Problem to solve
Every line of the material must be given again verbatim. Skip the images.

Supplied information
____________________
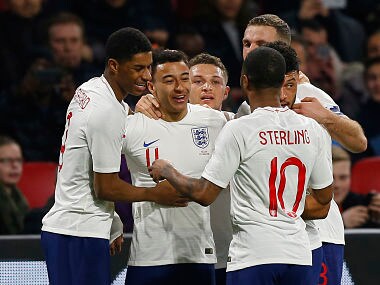 England's Jesse Lingard, second left, celebrates scoring his side's first goal during the international friendly soccer match between the Netherlands and England at the Amsterdam ArenA in Amsterdam, Netherlands, Friday, March 23, 2018. (AP Photo/Peter Dejong)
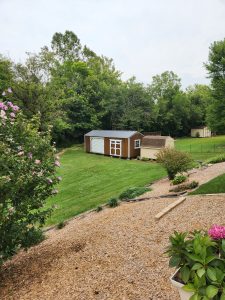 Old Hickory Side Utility Shed with Garage package, roll-up door and double barn doors in landscaped backyard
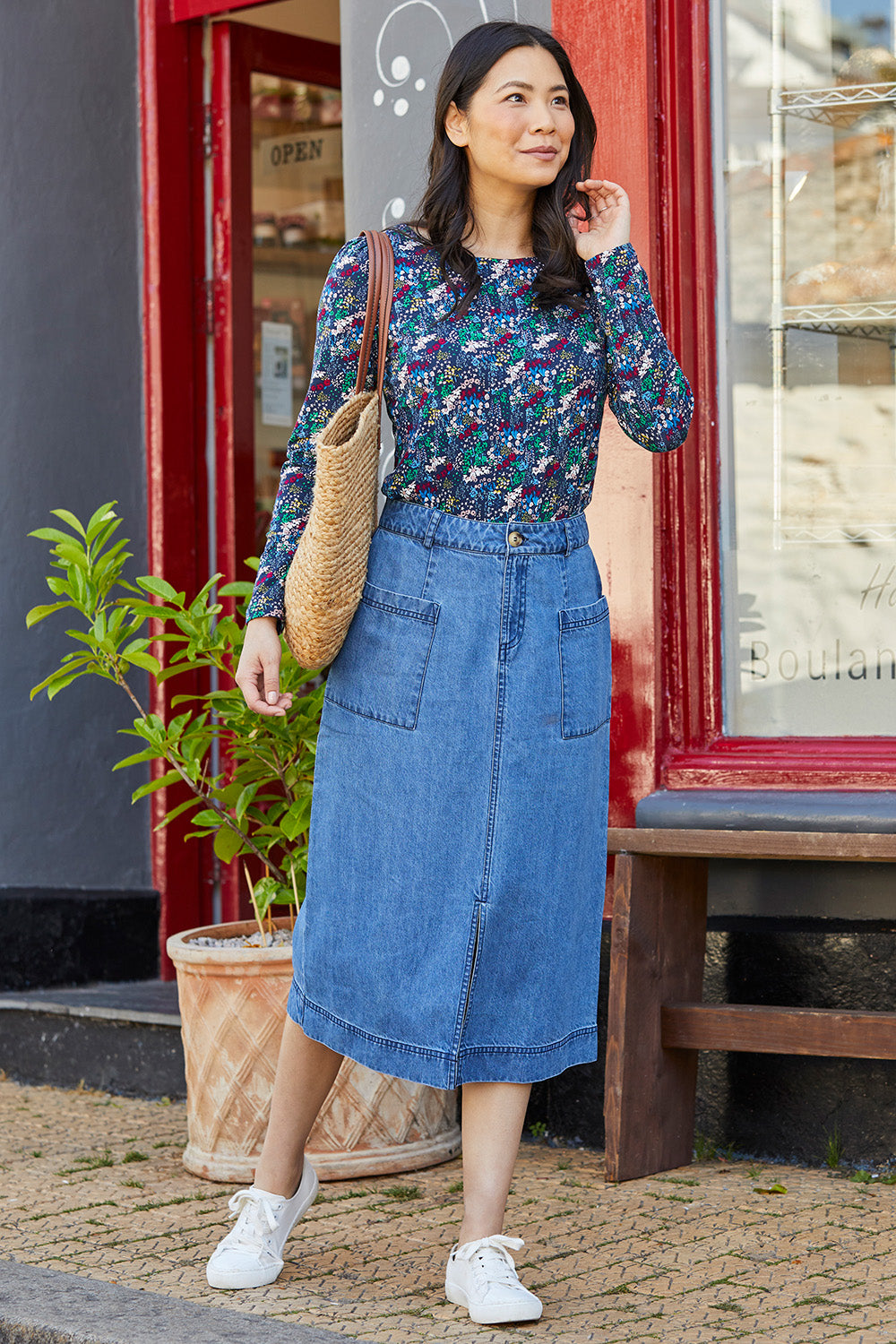 A model wearing the Penrose Skirt in colour Denim (Blue), from the front, showing the whole outfit
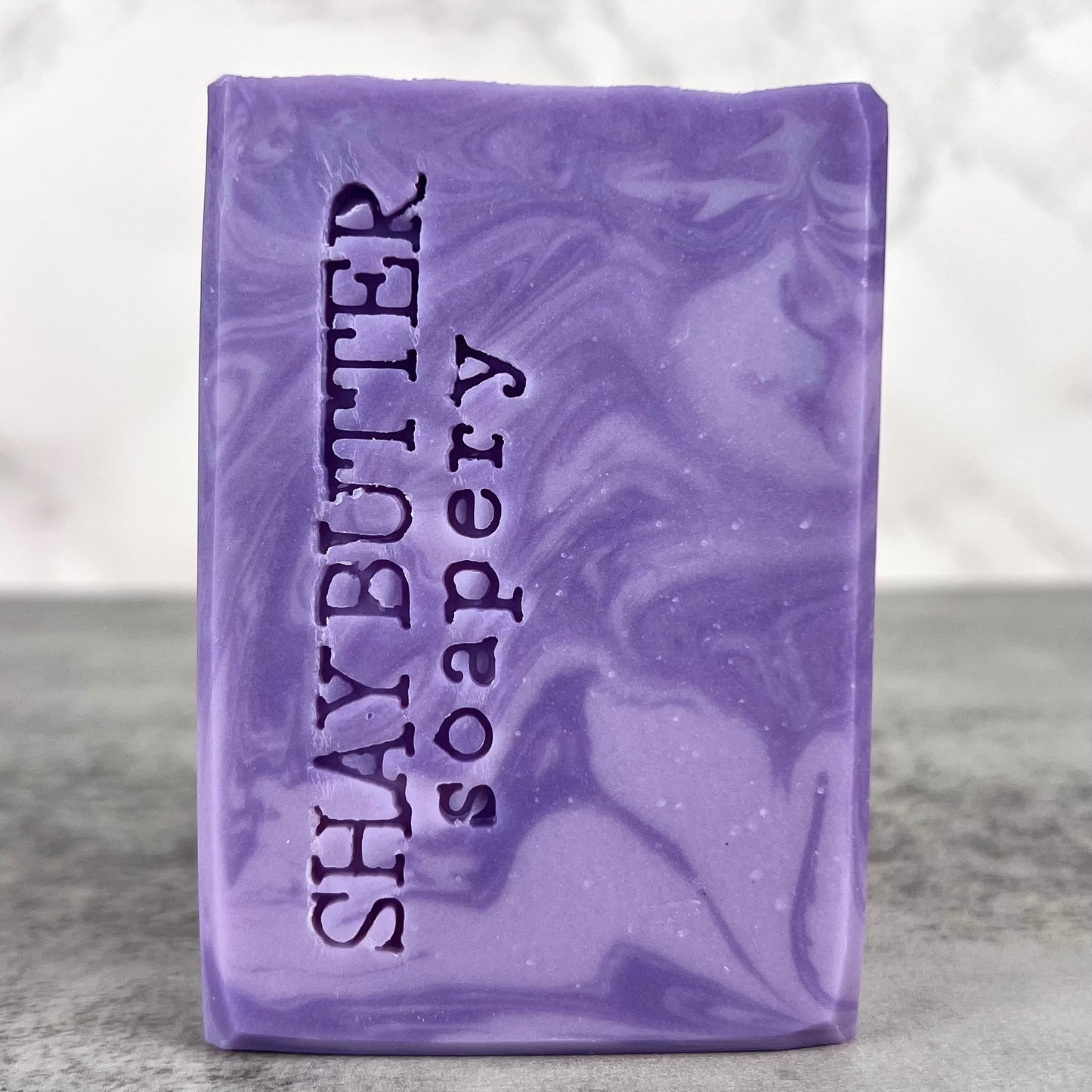 Purple soap bar with 'Shay Butter Soapery' text on a gray surface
____________________
Response area
 England's Jesse Lingard, second left, celebrates scoring his side's first goal during the international friendly soccer match between the Netherlands and England at the Amsterdam ArenA in Amsterdam, Netherlands, Friday, March 23, 2018. (AP Photo/Peter Dejong)
 Old Hickory Side Utility Shed with Garage package, roll-up door and double barn doors in landscaped backyard
 A model wearing the Penrose Skirt in colour Denim (Blue), from the front, showing the whole outfit
 Purple soap bar with 'Shay Butter Soapery' text on a gray surface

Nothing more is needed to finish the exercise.